An Evaluation of the ‘Positive Futures’ Project: Motivating and empowering young people and reducing crime

Jon Garland and Karen Bullock

Jon Garland and Karen Bullock collaborated with David Huse (a former Chair of Neighbourhood Watch who sponsored the research) and Surrey Police to develop, implement and investigate ways of motivating and empowering children and young people to engage with the police to devise initiatives aimed at reducing crime. Whilst the police commonly engage with communities – via meetings, focus groups, surveys, community events and so on – these initiatives tend to be focused on adults or otherwise adults are attracted to them when young people are not. ‘Positive Futures’ was designed to start to reverse this trend.

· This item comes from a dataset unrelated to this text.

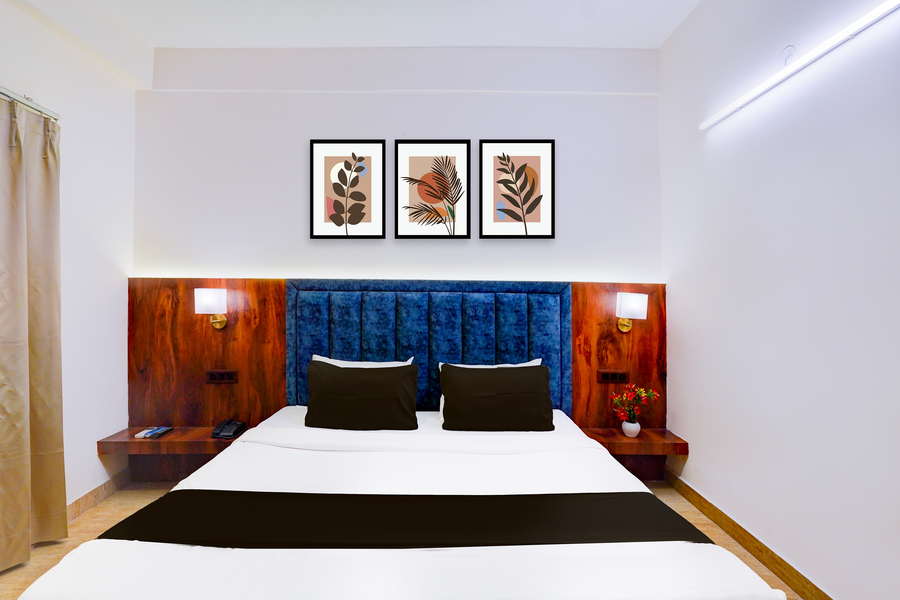 super townhouse prince chowk near railway station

The plan behind ‘Positive Futures’ was to encourage young people to think about the local community problems that concern them and then to work with teachers, youth workers, the police and council workers to devise solutions to them. The project employed a structured process in three pilot areas in Surrey whereby children and young people used police data and other resources to help them identify the problems they felt were the most significant in their communities and how they affected their lives, and then to work with professionals to think though sustainable solutions to them. At the end a formal presentation was held where children and young people presented their findings to an audience of community leaders to hear about their work, applaud their achievements, and start to make arrangements for resolving the issues they identified.

Our role was to evaluate these three pilot projects, which we did via interviews with key stakeholders and young people in each area. We found a number of positive aspects to ‘Positive Futures’: that children and young people valued the idea that they were making a difference and that their voices were being heard; that some of the issues they identified had begun to be tackled; that they had developed a better understanding of the local community; that they had improved their own feelings of safety; had developed better relations with their local police officers and also grown in self-confidence. One young person told us:

‘It was all quite fun. I think there is a self-satisfaction you get from helping out the community really, and if you want to live here for the rest of your life and you want your kids to grow up here, then you can always look back and reflect on all the impacts you’ve done on the community’.

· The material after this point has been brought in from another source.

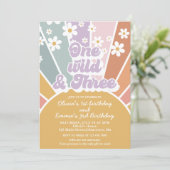 Invitation Une Sauvage et trois Retro Sunshine Rainbow Daisy (Debout devant)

Ultimately, ‘Positive Futures’ was well received both by the young people who participated and the stakeholders who were involved in its development and delivery. There were some issues identified, not least with the time, resources (financial and otherwise) and commitment needed to carry out the pilot projects, as well as problems with red tape, bureaucracy and delay. Ultimately, though, the ‘Positive Futures’ initiative is important because it tells us that children and young people will engage with the police to work towards solving community problems that concern them, something which is often hard to achieve.